By Tom Loftus
A recent survey of 9,600 CEOs, CIOs and other corporate officers who oversee information security just found a new definition for “optimist.”
Despite facing a decline in funding for even the most basic security practices and the rise of new, more persistent security threats, a whopping 43% of the respondents expressed confidence in their organization’s information security strategy.
The authors of the 2012 Global State of Information Security Survey had a different take, writing that “visibility into when and how the next cyber threat to information will emerge is poor, at best.”
The authors said only about 13% of respondents who deserved to be confident. These people were most likely to work for an organization that employed a chief information security officer and chief security officer, had an overall information security strategy, measured and reviewed its policies and procedures over the past year, and employed dedicated security personnel tasked with supporting internal departments.
Out of the 13% the survey authors identified as leaders, three out of four also expected information security spending to increase at their company.
Why so much optimism? For one thing, respondents have demonstrated an increased awareness of threats. Only 9% of respondents said they were not aware of the frequency, type and number of incidents to strike the organization over the past 12 months. In 2007, 40% admitted to having no knowledge.

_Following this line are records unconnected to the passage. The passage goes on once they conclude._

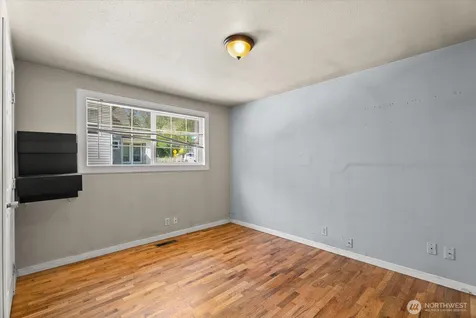 18711 82nd Avenue NE Kenmore WA 98028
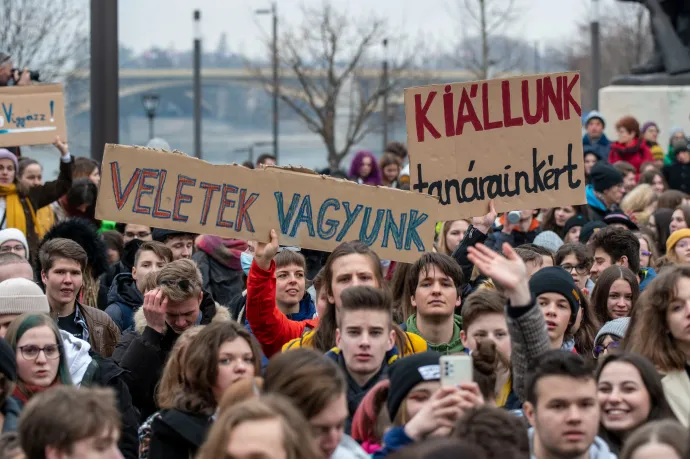 Tanévnyitó tüntetést szerveznek diákok a Bazilika elé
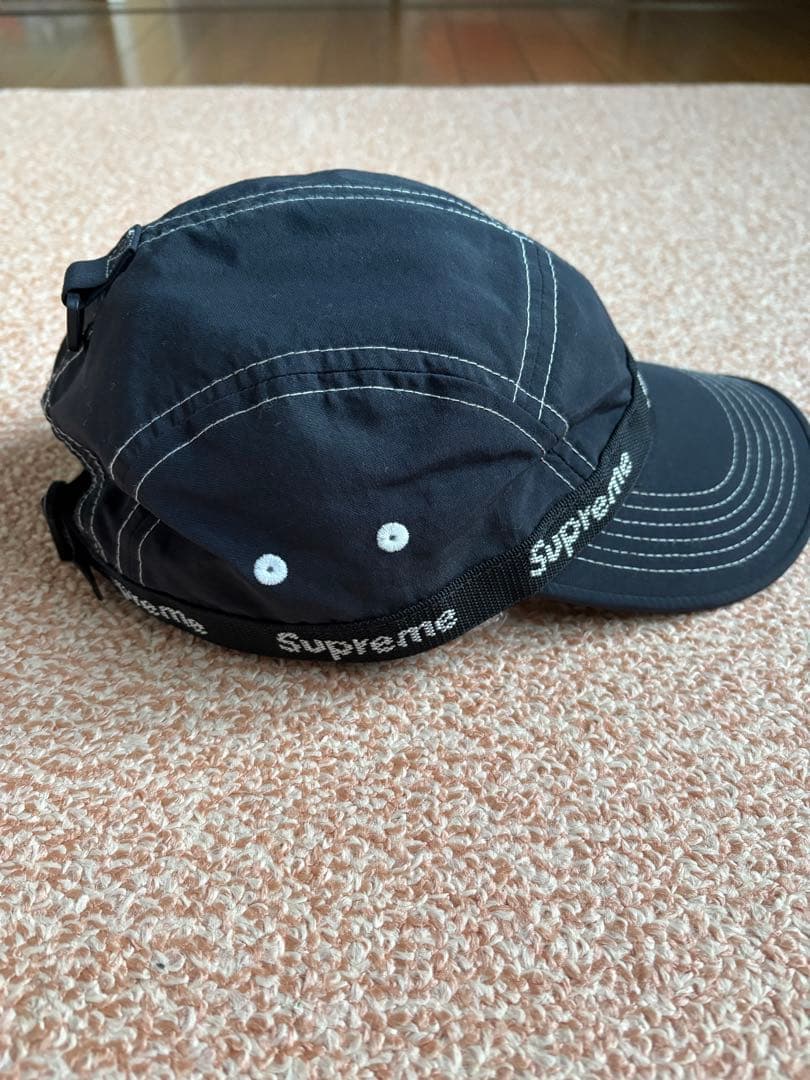 Supreme 黒 キャップ ストラップ付き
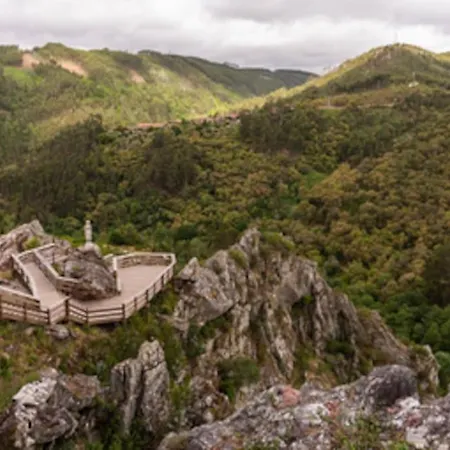 Casa Cucas 펜션 폼발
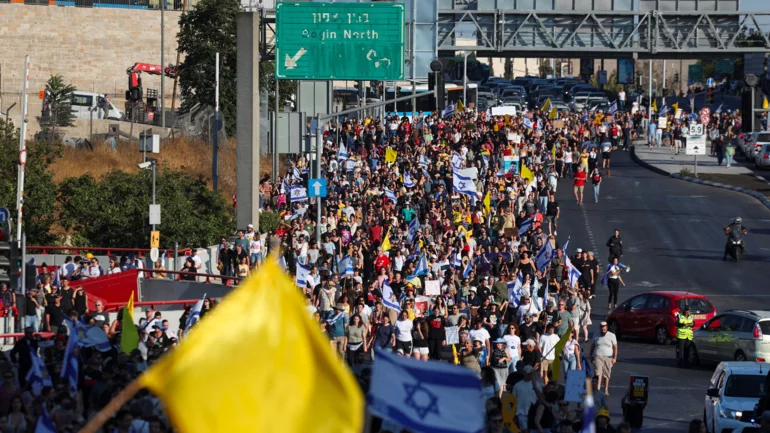 Israel's main labor union calls general strike on Monday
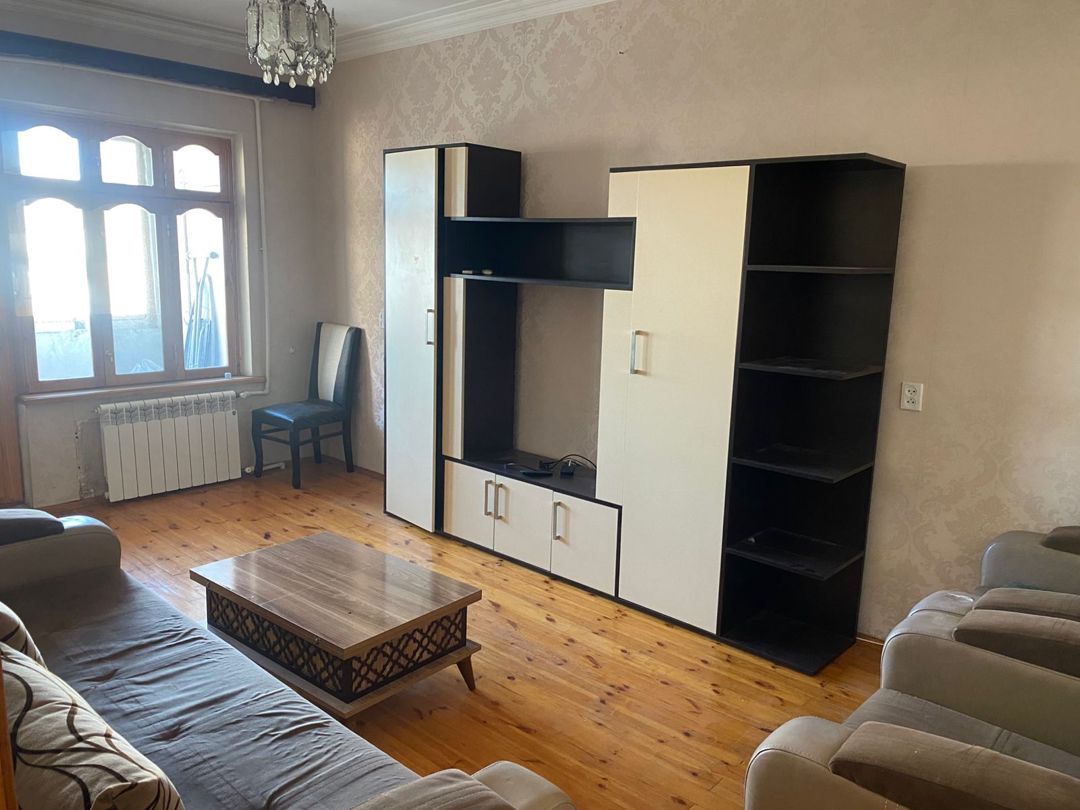 İcarəyə verilir 2 otaqlı köhnə tikili 70 m² — Mənzil, Bakı (10)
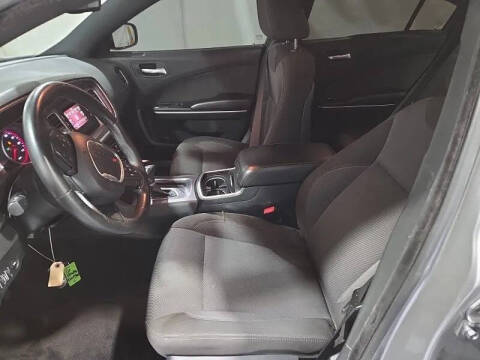 2017 Dodge Charger SE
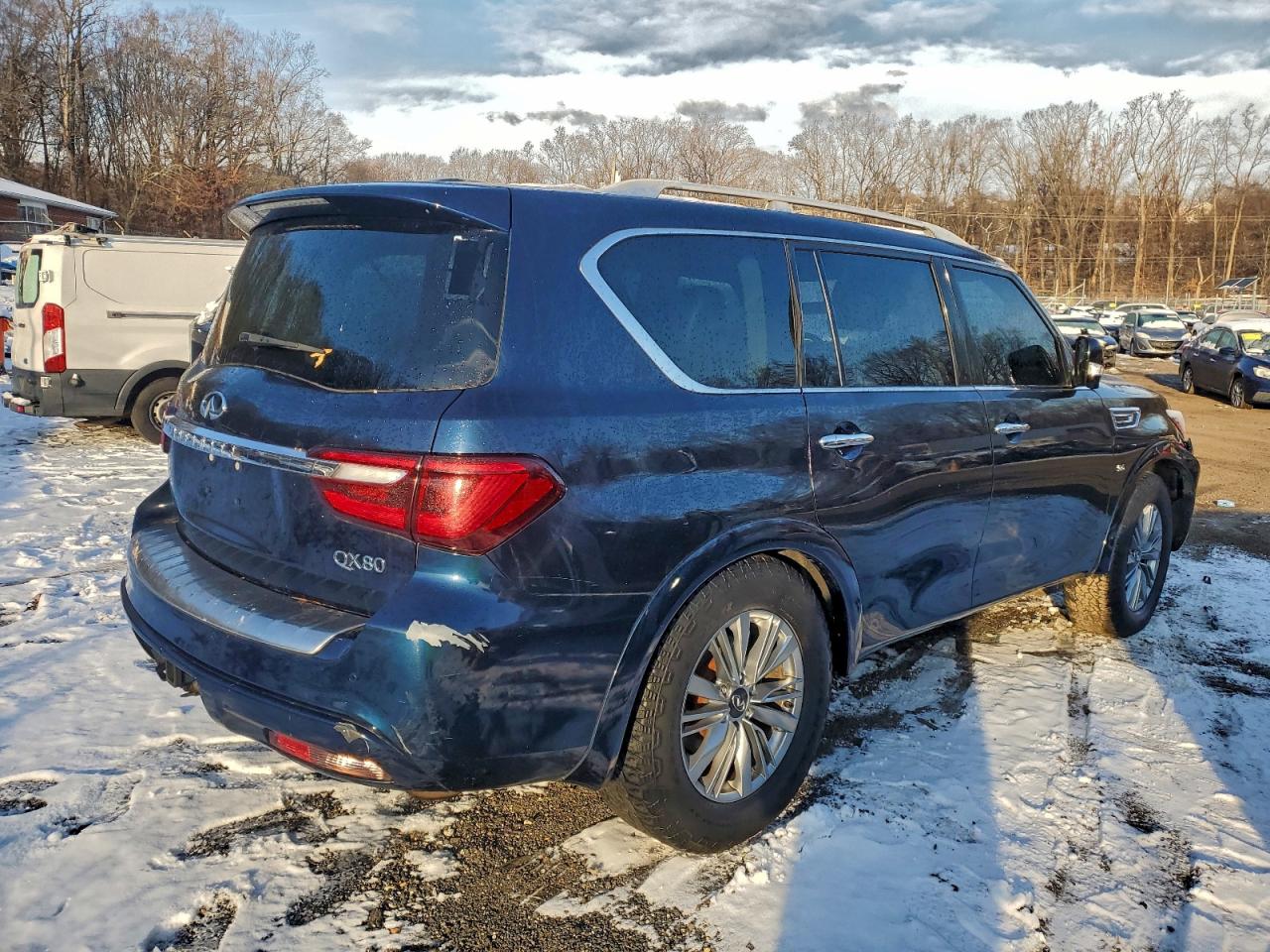 2019 INFINITI QX80 LUXE photo 3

Security requirements tied to global standards such as the PCI Security Standards and Sarbanes-Oxley help explain this explosion of awareness explains Mark Lobel, a principal at PwC, and one of the survey’s authors. “If you have better monitoring, you have better a sense of bad things happening.”
The 2011 survey revealed that the usage of security safeguards–from code detection tools to intrusion-prevention tools–have jumped by as much as 13 percentage points from the year previous.
But when it comes to battling the shadowy world of cybercrime, such improvements can also create “false sense of security,” Lobel said.
While 43% of respondents said that they have an effective strategy and are proactive in executing the plan, only 16% said that their firm’s strategy addresses something called an “advanced persistent threat,” sophisticated attacks from groups that are organized enough to hit their targets for a prolonged period of time. These attacks are designed to avoid newly installed monitoring controls, Lobel said.
These attacks used to be reserved for very large companies and government organizations, but survey authors say that they are becoming a concern for private firms as well. “Attackers no longer come at the front door,” Lobel said, “They break into partners and suppliers and try to tunnel through.”
Survey respondents estimated that 15% of security breaches of all types were the result of a cyber attack on a partner or supplier, up from 8% in 2009. Respondents also noted that their firm’s capabilities in regards to due diligence, privacy requirements, and reporting security breaches concerning third parties have all decreased between 2009 and 2011.
For example in 2009, 39% of respondents said that their firm required third parties to comply with privacy policies. In 2011, only 29% said that was so.
That number is going to go up, said Lobel, as the economic climate stagnates. If large firms have a hard time getting adequate security funding, it’s worse for their suppliers who are operating on smaller budgets.
In North America, 31% of respondents said that security spending would increase in 12 months, and that’s a point of concern in the months ahead, according to Lobel.